The best of many excellent art song and chamber music performances in 2022 was organized by Stephen Coxe. He encouraged soprano Anna Feucht to sing Dmitri Shostakovich's (1906-1975) song cycle Seven Romances on Poems of Alexander Blok Op. 127 (1967). Coxe was pianist; Jonathan Richards, violin; and Elizabeth Meszaros, cello. We have been fortunate to hear Ms. Feucht's voice mature over the last several years into a flexible, powerful instrument capable of the stunningly precise delivery of this gut-wrenching work. The song titles in English are friendly enough (they were sung in their original Russian) and we were provided with original texts and translations.

Ophelia's Song laments separation from the beloved, a warrior. Death alone promises reunion. As the song ends, the violin and voice seem to fuse. The voice ends and the violin plays on alone. Midway through Gamayun, the prophet bird, the voice soars as the bird foretells disasters past, present and future. Later the voice becomes intimate, speaking of passion and fear. It ends with the detached chord struck on piano. We were together is a duet describing a love that grows, almost lyrical in its telling. Time passes before the story continues in Gloom Enwraps the Sleeping City and plunges us into the present gloom with the cello sawing out a sad tune. The love in the last song is a far memory as a scintillating dawn breaks over “my forsaken, joyless days...”

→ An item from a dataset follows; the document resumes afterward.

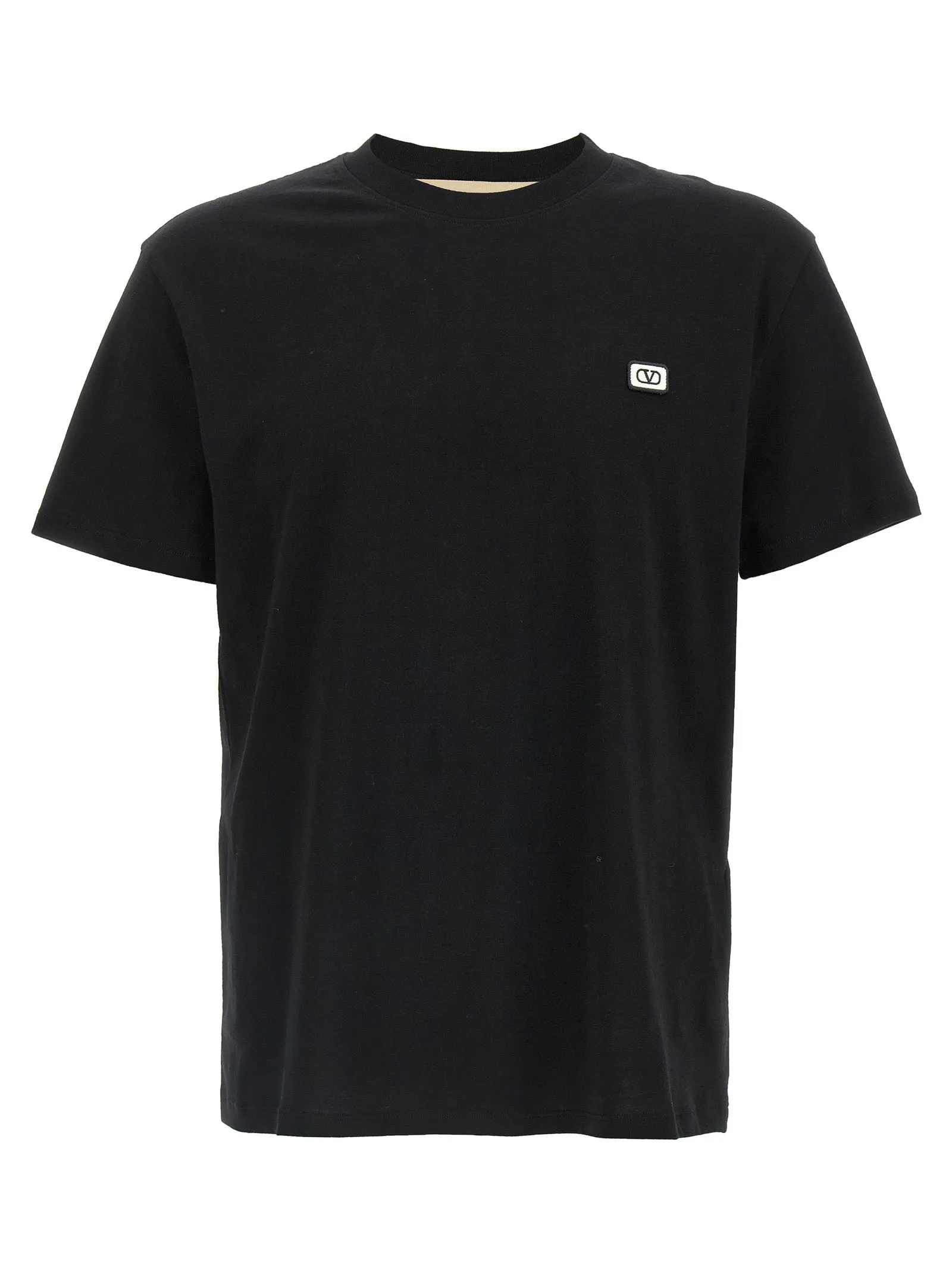 Vlogo T Shirt Nero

The fifth song, The Tempest (violin, piano) offers a wild, fierce storm with excited vocals capturing the deep unrest of a battered inner life. It was here that I realized that for me it became a requiem for the people of Ukraine today. Secret signs offers a gentle largo. The drama is over for now. On the wall an image of golden and crimson poppies appears in her dreams but by song's end the heaviness returns in an unhurried, gentle end looking toward “war and fire that lie before...” In the last song, Music, all the instruments are united in mystical union to support a grand, intensive vocal display—roses bloom, sorrows of the past are forgotten. The crimson sunset shows acceptance of the pain and blood by the singer. She offers it all as the servant of the Sovereign of the Universe. The piano and violin each give a gentle caress of sound that fades. The piano then offers a faint hint of energy; now it is truly over.

Listening to a CD a month later I once again found these songs stunningly emotional. The CD features soprano Galina Vishnevskaya and her husband celloist Mstislav Rostropovich. Shostakovich dedicated the songs to Vishnevskaya who premiered them. The recording is wonderful but the live performance by Feucht and the instrumentalists was a once in a lifetime experience.